A new region partition scheme that runs on multiple dimensions of the key space. The partition rule is defined by a set of simple expressions on the partition key columns.

# Motivation

The current partition rule is from MySQL's [`RANGE Partition`](https://dev.mysql.com/doc/refman/8.0/en/partitioning-range.html), which is based on a single dimension. It is sort of a [Hilbert Curve](https://en.wikipedia.org/wiki/Hilbert_curve) and pick several point on the curve to divide the space. It is neither easy to understand how the data get partitioned nor flexible enough to handle complex partitioning requirements.

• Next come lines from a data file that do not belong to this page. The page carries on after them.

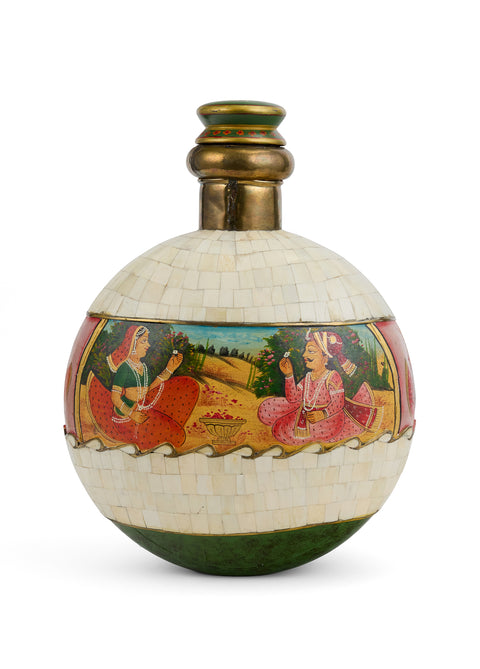 Hand Painted Bone Bottle with Human Figure
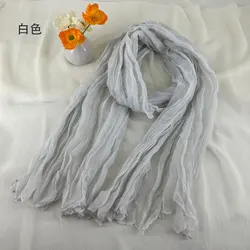 Women's Soft Breathable Cotton Linen Scarf - Retro Bohemian Pleated Wrap, Solid Color, Multi - Color Options (1)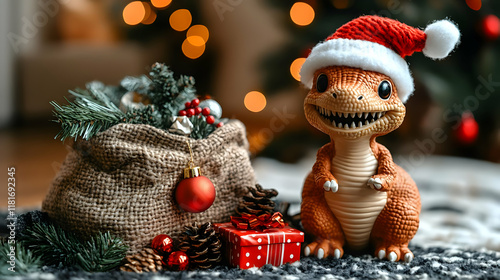 Dinosaur Celebrates Christm...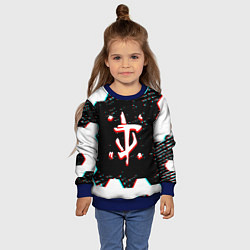 Свитшот детский Doom hexagon glitch color, цвет: 3D-синий — фото 2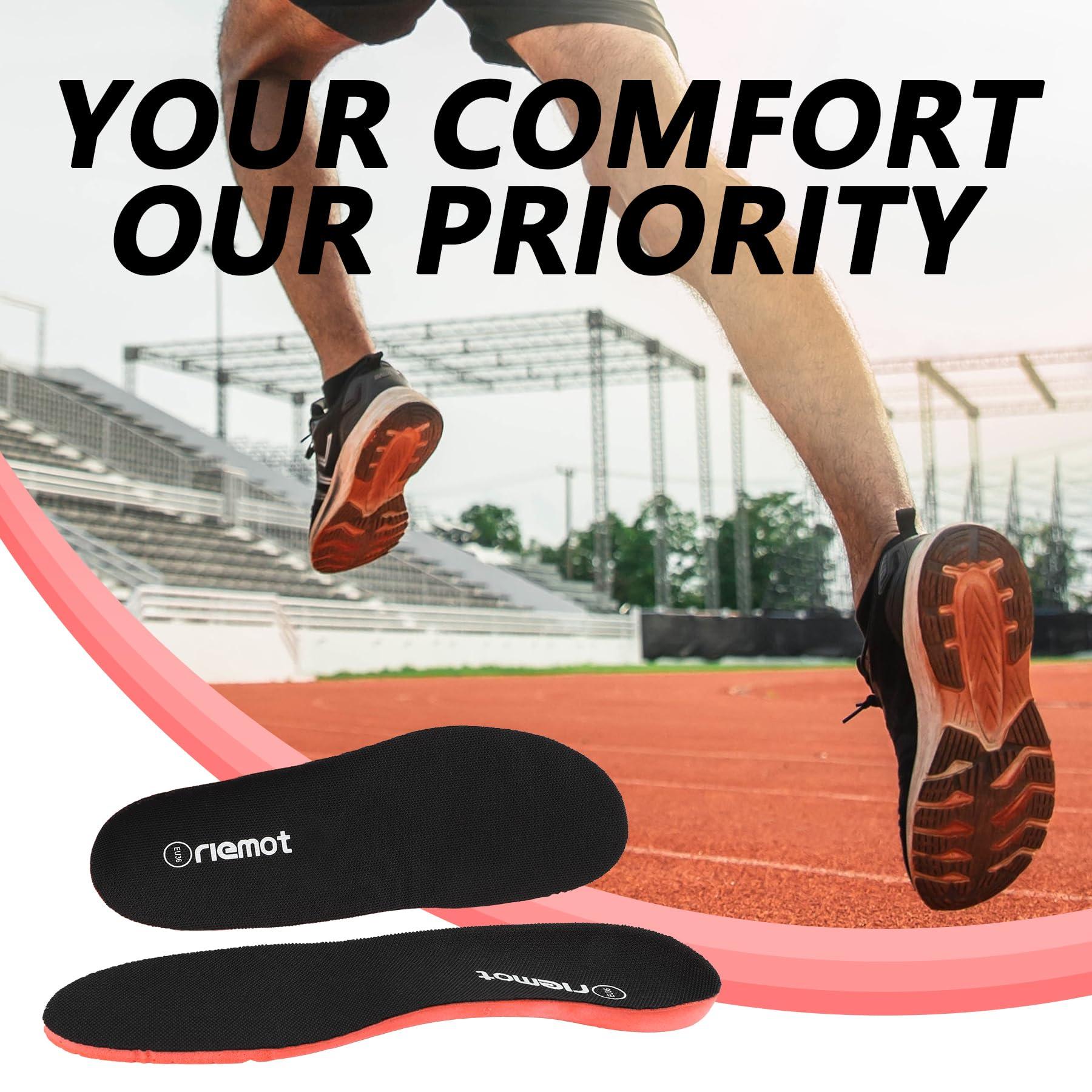 riemot riemot Arch Support Insoles for Men All-Day Comfort Gel Sport Shoe Inserts Replacement Cushioning Shock Absorbing Foam Insoles for Running Shoes Sneakers Work Boots Black US 10.5/EU 43.5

Considering the future requirements like region repartitioning or autonomous rebalancing, where both workload and partition may change frequently. Here proposes a new region partition scheme that uses a set of simple expressions on the partition key columns to divide the key space.

# Details

## Partition rule

First, we define a simple expression that can be used to define the partition rule. The simple expression is a binary expression expression on the partition key columns that can be evaluated to a boolean value. The binary operator is limited to comparison operators only, like `=`, `!=`, `>`, `>=`, `<`, `<=`. And the operands are limited either literal value or partition column.

Example of valid simple expressions are $`col_A = 10`$, $`col_A \gt 10 \& col_B \gt 20`$ or $`col_A \ne 10`$.

Those expressions can be used as predicates to divide the key space into different regions. The following example have two partition columns `Col A` and `Col B`, and four partitioned regions.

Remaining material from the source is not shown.